Of all the entries below, only the lines from the one with "台中市長胡志強3日出席201" up to and including the one with "Basic Villa, 1" are to be duplicated exactly.

**EXCERPTED DATA**
==================================================
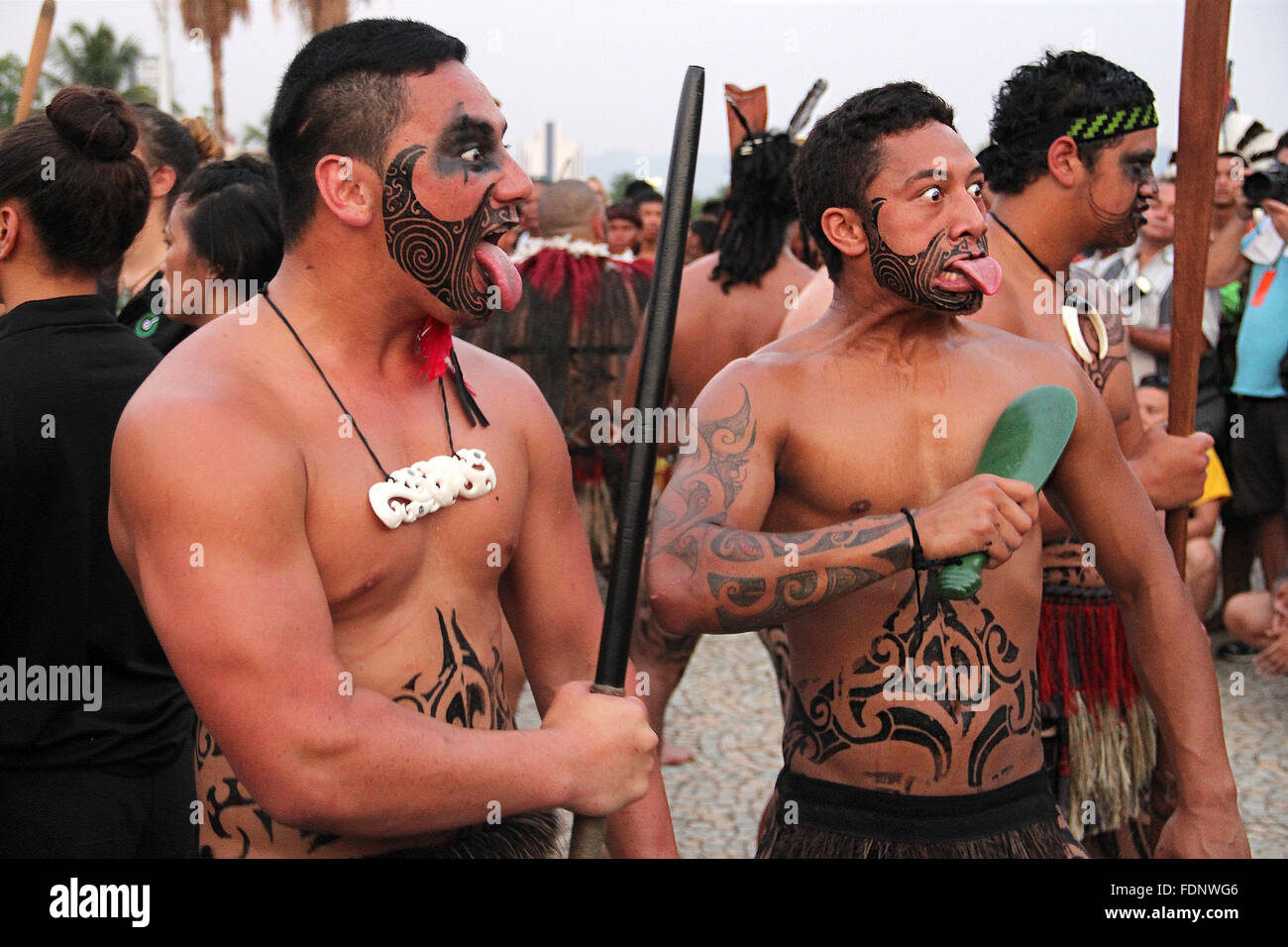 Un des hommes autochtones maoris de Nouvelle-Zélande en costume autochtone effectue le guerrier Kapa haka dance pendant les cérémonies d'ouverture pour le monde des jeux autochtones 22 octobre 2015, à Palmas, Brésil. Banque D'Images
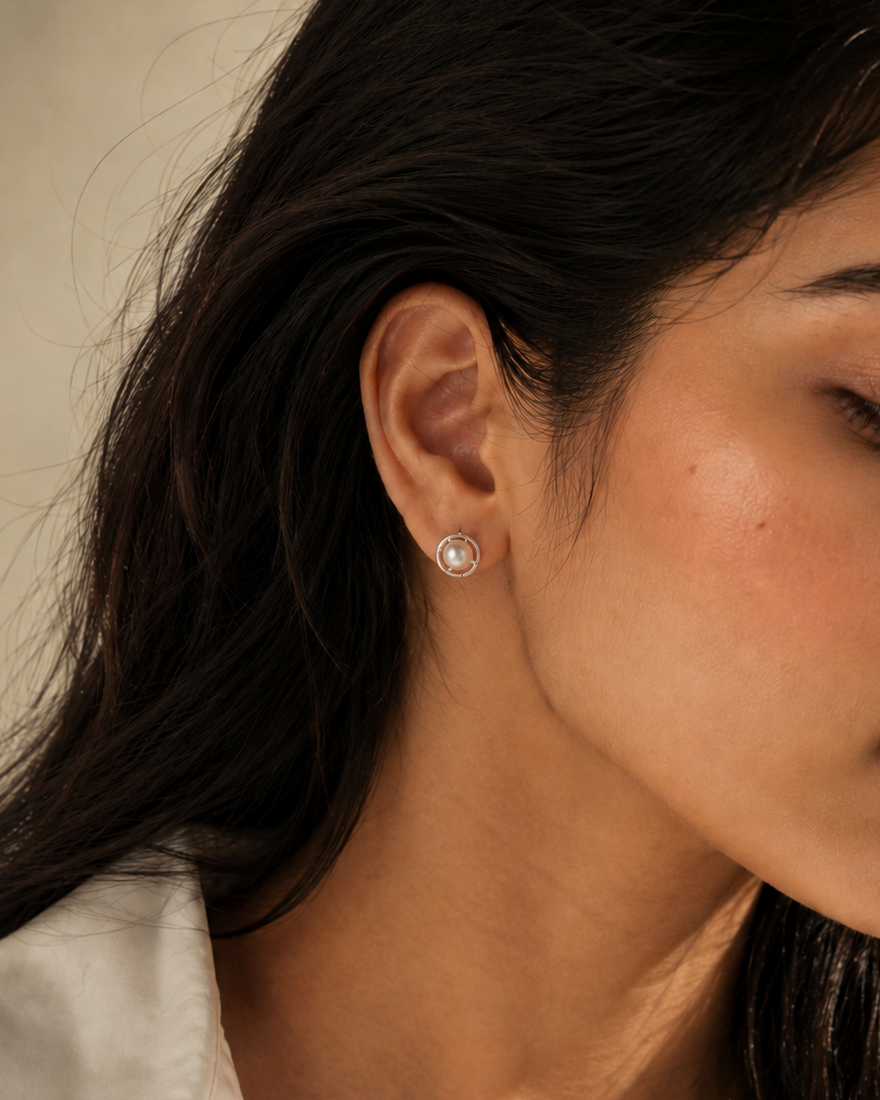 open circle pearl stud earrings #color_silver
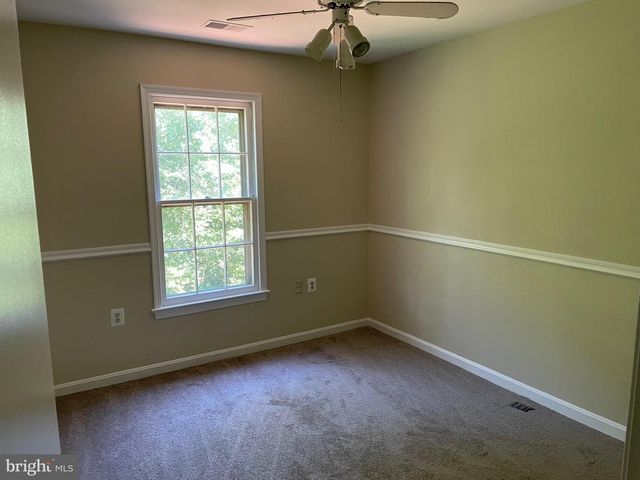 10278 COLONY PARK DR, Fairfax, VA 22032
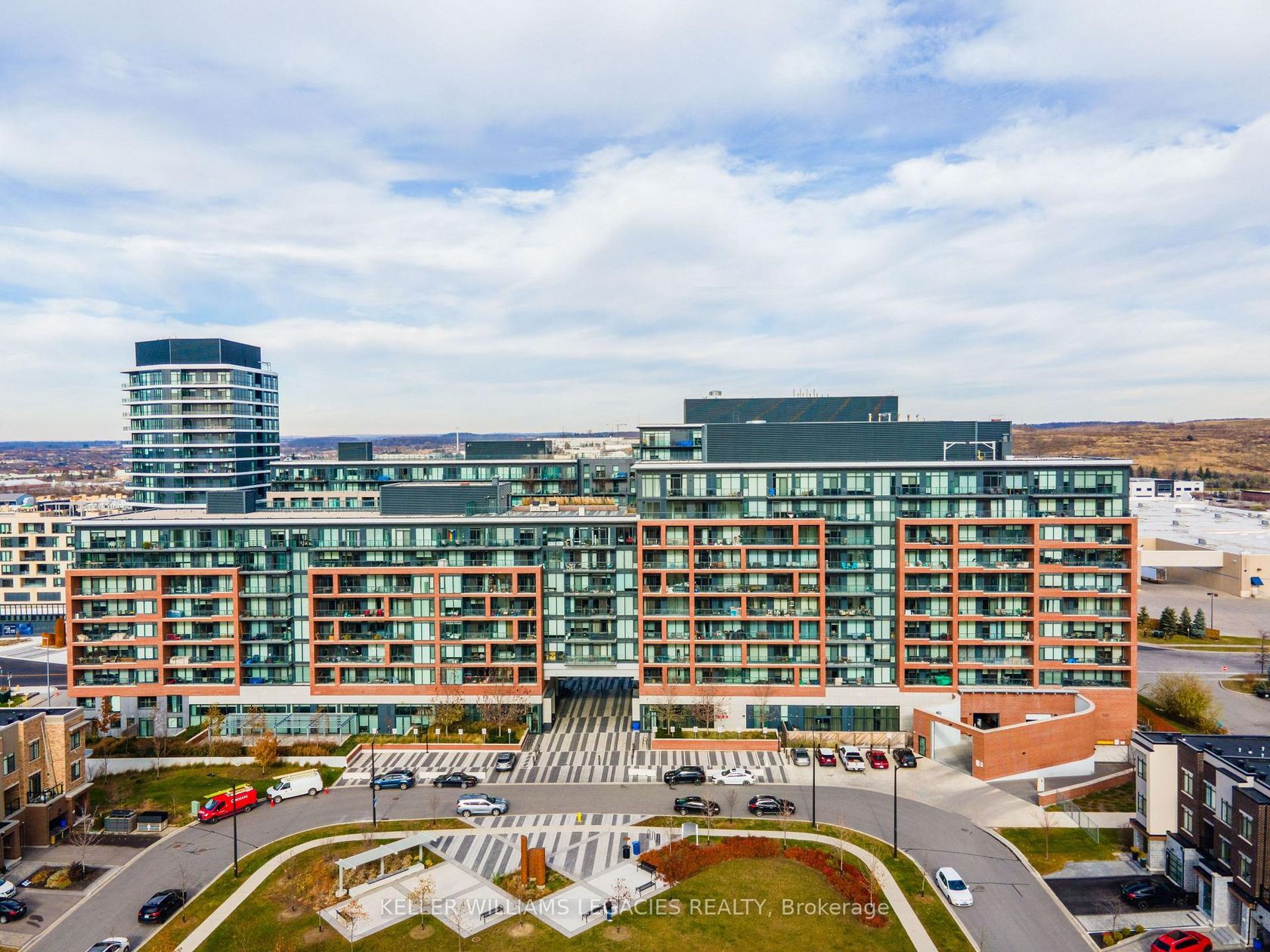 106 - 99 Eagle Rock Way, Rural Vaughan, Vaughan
==================================================
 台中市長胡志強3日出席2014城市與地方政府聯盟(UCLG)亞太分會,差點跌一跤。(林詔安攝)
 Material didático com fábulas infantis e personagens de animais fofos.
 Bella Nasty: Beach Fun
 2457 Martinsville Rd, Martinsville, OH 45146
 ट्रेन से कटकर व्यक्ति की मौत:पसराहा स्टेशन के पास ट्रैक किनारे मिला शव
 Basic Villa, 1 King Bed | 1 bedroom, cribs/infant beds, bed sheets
==================================================
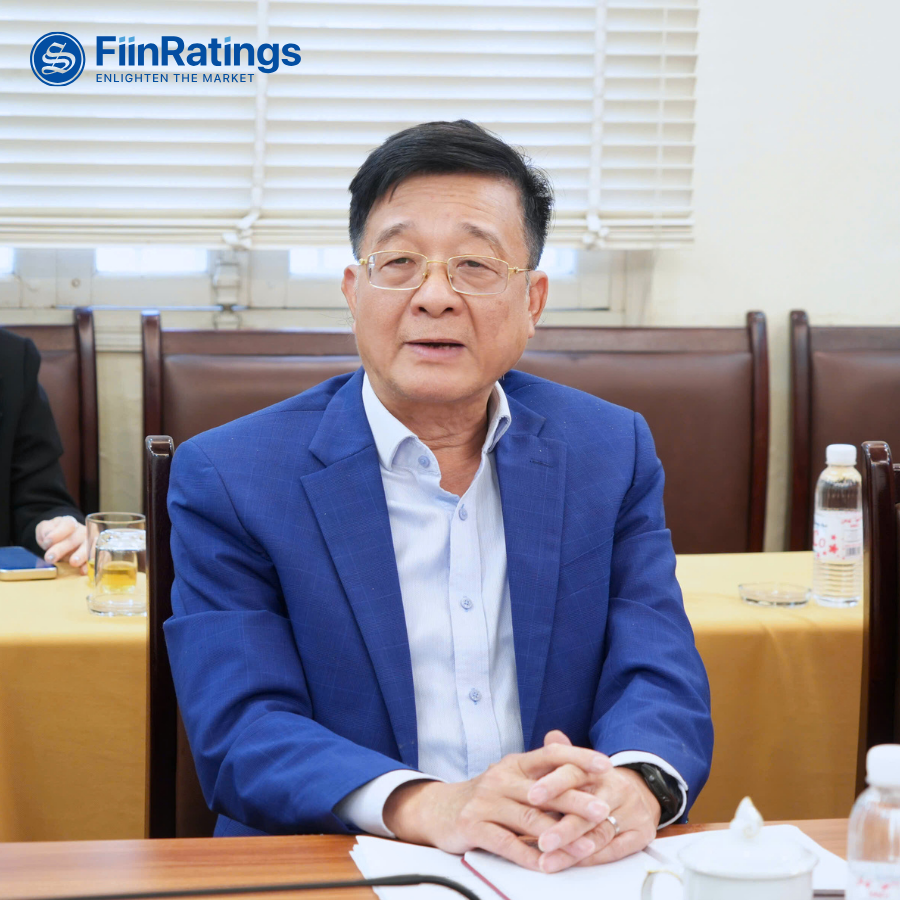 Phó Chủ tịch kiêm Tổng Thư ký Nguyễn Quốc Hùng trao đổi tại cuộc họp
==================================================
**SOLUTION FOR THIS TASK**
 台中市長胡志強3日出席2014城市與地方政府聯盟(UCLG)亞太分會,差點跌一跤。(林詔安攝)
 Material didático com fábulas infantis e personagens de animais fofos.
 Bella Nasty: Beach Fun
 2457 Martinsville Rd, Martinsville, OH 45146
 ट्रेन से कटकर व्यक्ति की मौत:पसराहा स्टेशन के पास ट्रैक किनारे मिला शव
 Basic Villa, 1 King Bed | 1 bedroom, cribs/infant beds, bed sheets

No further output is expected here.